1. Sample Design and Statistical Inference
Goal:
to Make generalizations from collected data and to draw conclusions about summarized
information (e.g. means, percentages) on variables
2. Sampling
and Inference
a.
The POPULATION is the entire set of people (or animals, things) we
wish to study.
b.
A SAMPLE is a part of the population. Why sample? Most times it is
not feasible to query the entire population (e.g. too costly, would take too
long) so researchers select (sample) a subgroup for questioning or analysis.
c.
A numerical fact about a sample is a STATISTIC. It is some number
that is used to describe a sample.
d.
A numerical fact about a population is a PARAMETER. Statistic is
to sample what PARAMETER is to the population. If 48% is the resulting statistic
from a sample, the people who conducted the study hope that it is a close
approximation of the true population PARAMETER (i.e. they hope the parameter is
also 48%).
3. Problems: less than perfect samples, less than perfect subjects
Bias
: If a sample is "representative", then a statistic can be a good
estimate of the parameter; but if the sample includes or excludes certain
people systematically, the sample is BIASED. This CNN "sample" is a bad sample (at
least they are willing to issue a disclaimer at the bottom).
Types
of bias
( i) Voluntary-response bias --- certain people decide to
talk to you.
( ii) Selection bias --- you systematically exclude certain subjects, undercoverage
(iii) Non-response bias --- people don't
bother to answer you
( iv) Response bias --- people answer,
but they lie to you
( v) Wording of question --- phrasing
may not be neutral (e.g. a loaded question).

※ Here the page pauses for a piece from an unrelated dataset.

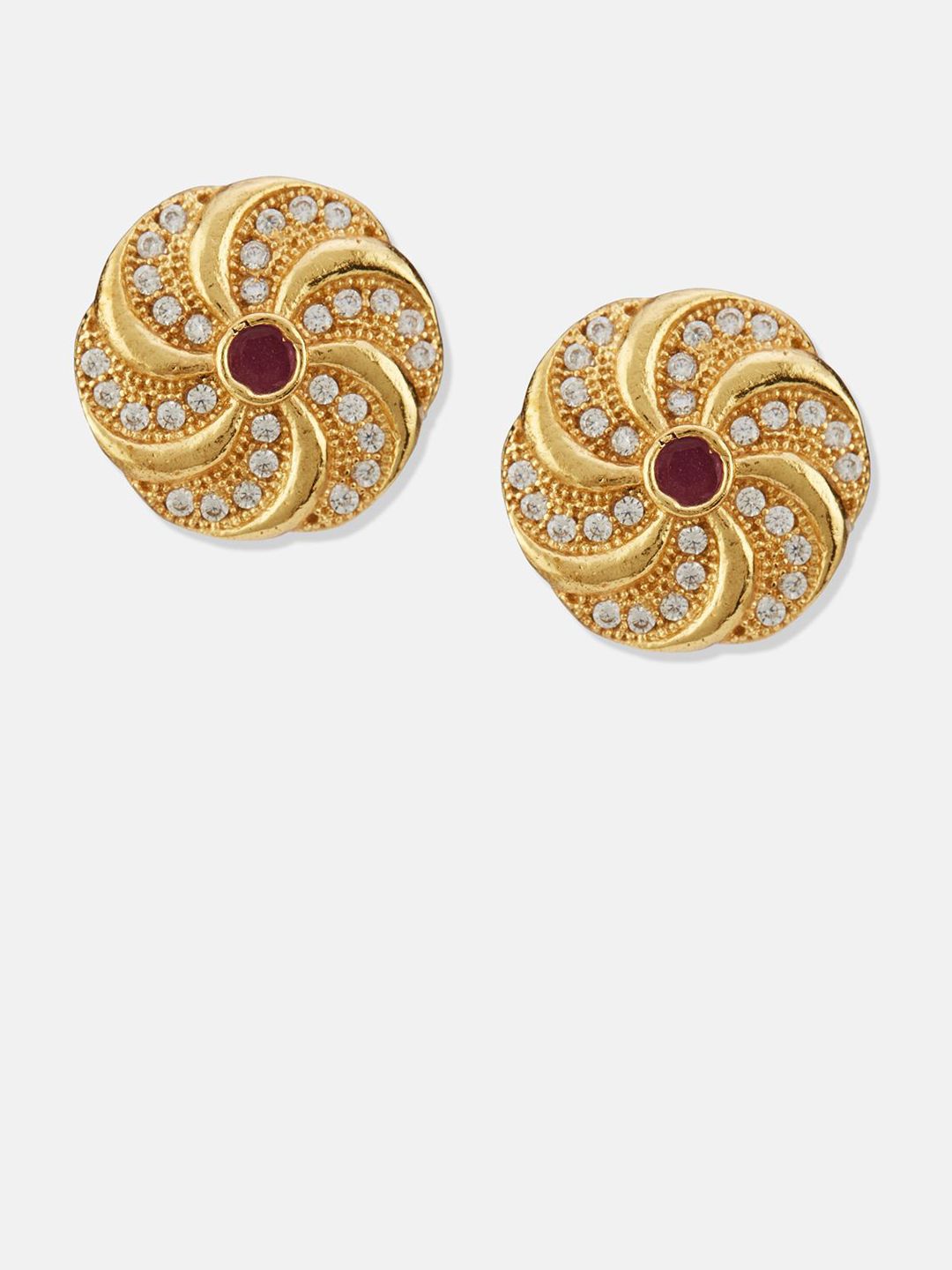 ATIBELLE Set Of 2 Gold-Plated Cubic Zirconia Studded Floral Shaped Studs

In class example, questions on legal
abortion. There are different levels of support (in percentages) depending on how the question is worded. From a
1992 series of Time/CNN polls:
Question |
In Favor |
Opposed |
Unsure |
"When
the mother's life is at stake:" |
84 |
11 |
5 |
"When
the mother's health is in danger:" |
82 |
12 |
6 |
"In
cases of rape or incest:" |
79 |
16 |
5 |
"If
the fetus will be born seriously deformed:" |
70 |
22 |
8 |
"For
any reason during the first trimester:" |
47 |
44 |
9 |
"For
any reason while the fetus cannot survive outside the womb:" |
67 |
23 |
10 |
"At
no time during the pregnancy:" |
25 |
65 |
10 |
4.
Design Issues
Sampling
designs -- a design is a method used to choose a sample
a.
Simple random sample (SRS): every person in the population has an
equal chance of getting into the sample with each draw.

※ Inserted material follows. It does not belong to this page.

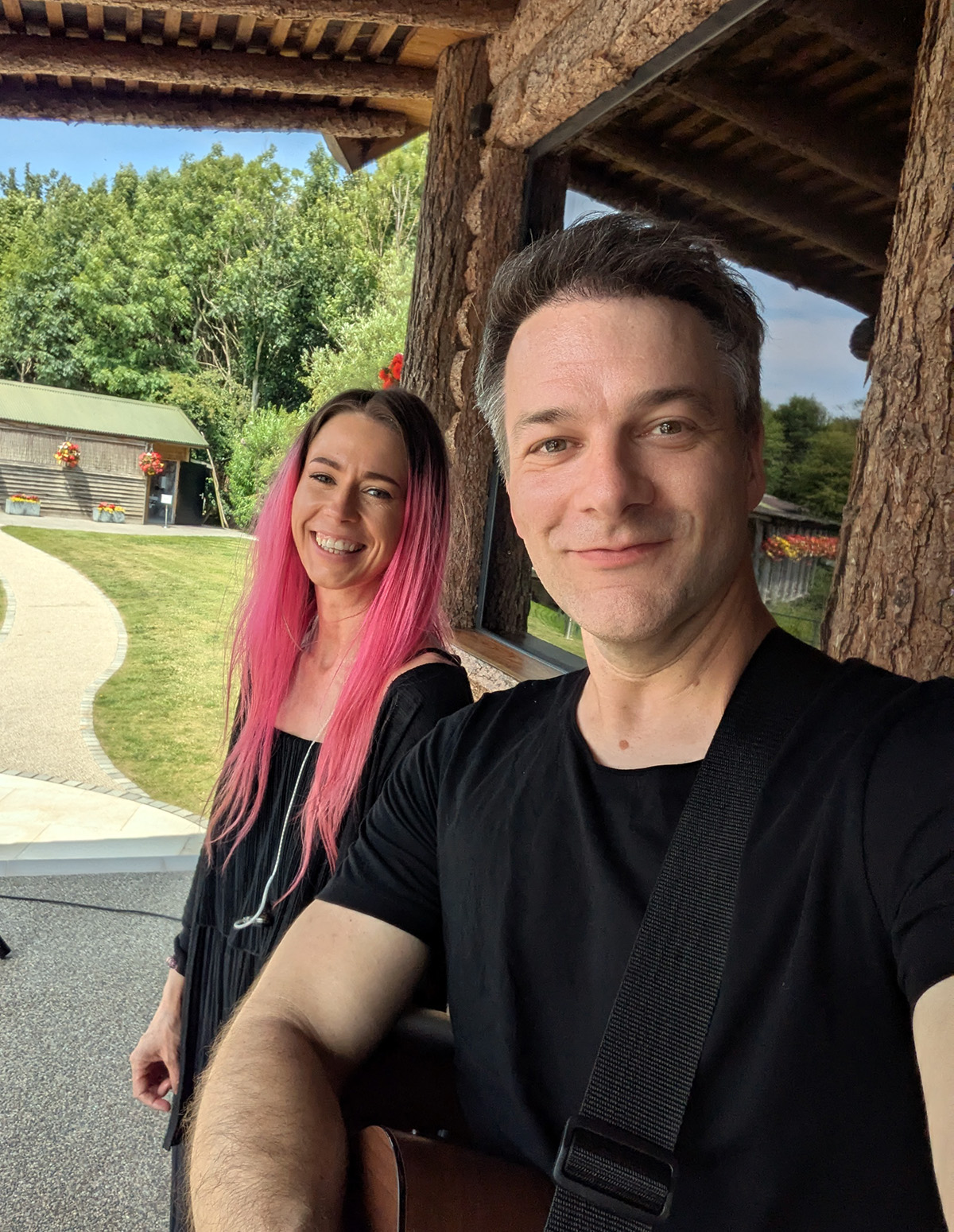 Acoustic wedding duo at Oaklands Wedding Venue Driffield balcony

b. Not every sampling scheme is simple
random sampling; other sampling schemes include MULTISTAGE SAMPLING. (You don't need to know this for any test)

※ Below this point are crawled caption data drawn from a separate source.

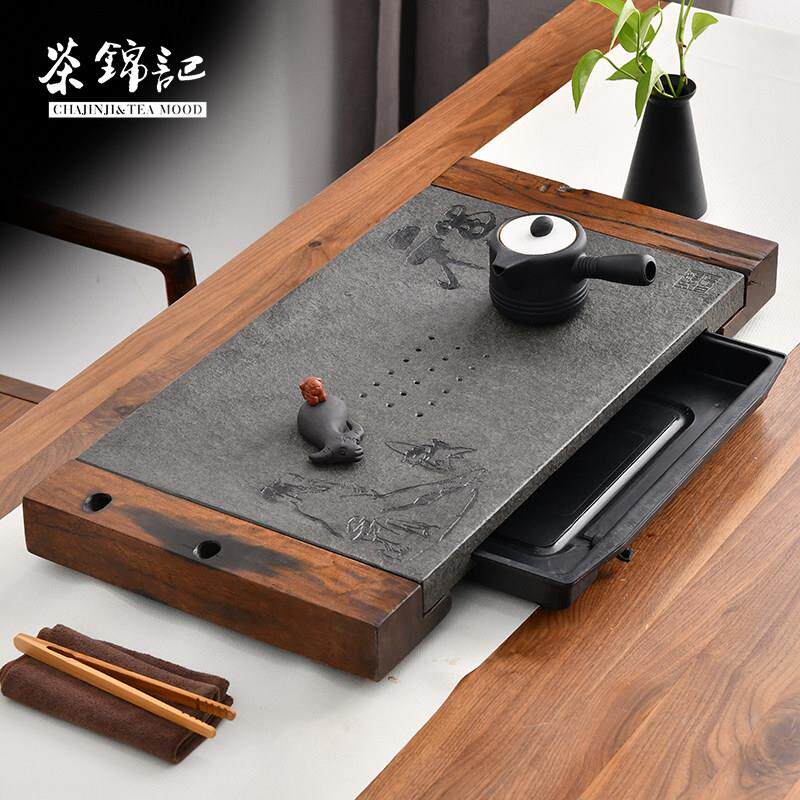 茶锦记乌金石茶盘家用简约储水蓄水小茶台大客厅干泡茶具托 托盘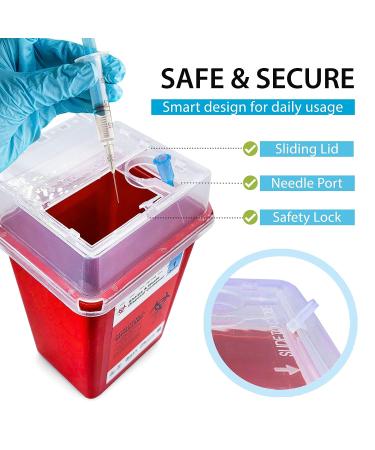 Sharps Container for Safe Needle Disposal - 1 Quart, 1 Pack | Home Biohazard Waste Container - Buy Online on SooperMarket.com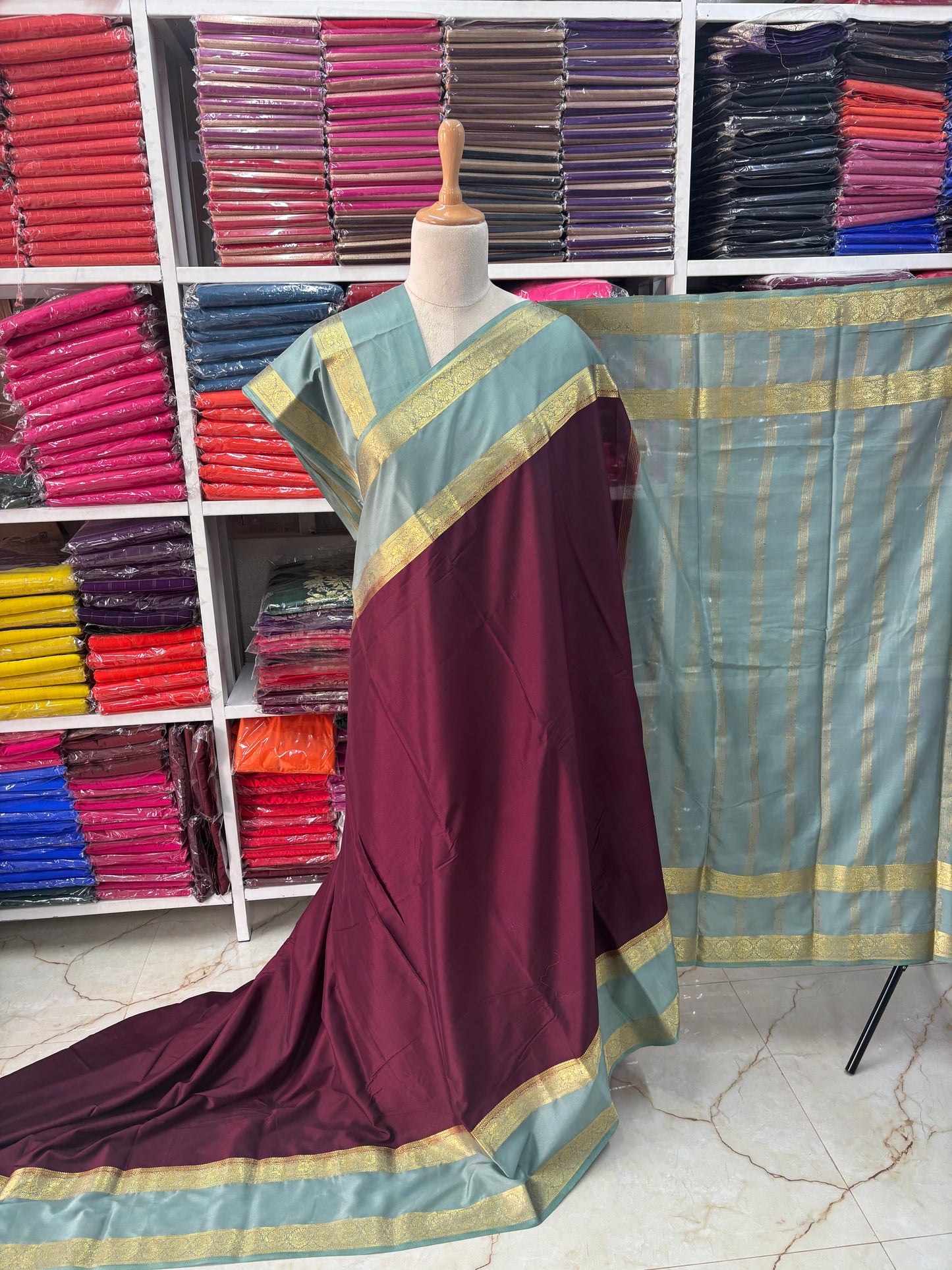 Semi Mysore Crepe (Premium, Floral Bentex Border)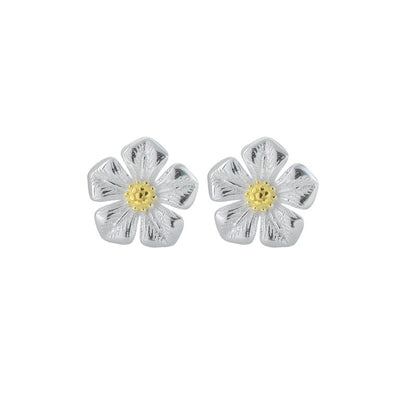 Luxyin 925 Sterling Silver Five-Petal Flower Stud Earrings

Probability methods work well because
they are impartial and they give each member of the population a known
(calculable) chance of being selected.
5.
Statistical Inference and how to think
about the remainder of the course
STATISTICAL
INFERENCE, here the parameters are unknown, and we draw conclusions from sample
outcomes (i.e. statistics) to make guesses about the value of the parameters.
Why
are we interested in sampling and bias and sampling methods? Because for
inference to work, we need that element of random chance to help us make
generalizations from samples to the larger population. In other words, with a relatively small sample
we would like to make statements (inferences) about the much larger population
it came from, but in order for us to make accurate statements, we cannot allow
bias.
Statistical
inference is related to and relies on probability as follows: we make
assumptions about the parameters, and then test to see if those assumptions
could have led to the sample outcomes (i.e. statistics) we observed. We then
make statements of chance or confidence to express the strength of our
conclusions about the value of the parameter.
There
are two important concepts that must be understood:
SAMPLING
VARIABILITY -- this simply means that if additional samples are drawn the
statistics generated from each of the samples are very different (for example, in
the Wall Street Journal handout you might treat all of the different surveys
discussed as additional samples). Note
that statistics from larger samples should have less variability than small
samples (i.e. consider the effect of outliers on a small sample versus a large
sample) but variability is not closely related to the size of the population.
The
collection of all possible samples is a very important theoretical idea and the
statistics associated with this collection have SAMPLING DISTRIBUTIONS. Figure
3.6 (page 270) in your book is important for understanding this concept and its
properties:
a.
It
looks NORMAL (and for our purposes, is normal)
b.
It's
CENTER is equal to the value of the PARAMETER
c.
It's
SPREAD or variability, is very predictable and for now, let's say it gets
smaller as your samples get larger in size.
To
sum it up, if you want to make inferences from samples to the population as a
whole, you want a situation where you have low bias and low variability (see page
274), Your single sample is one sample
from a collection of all possible samples.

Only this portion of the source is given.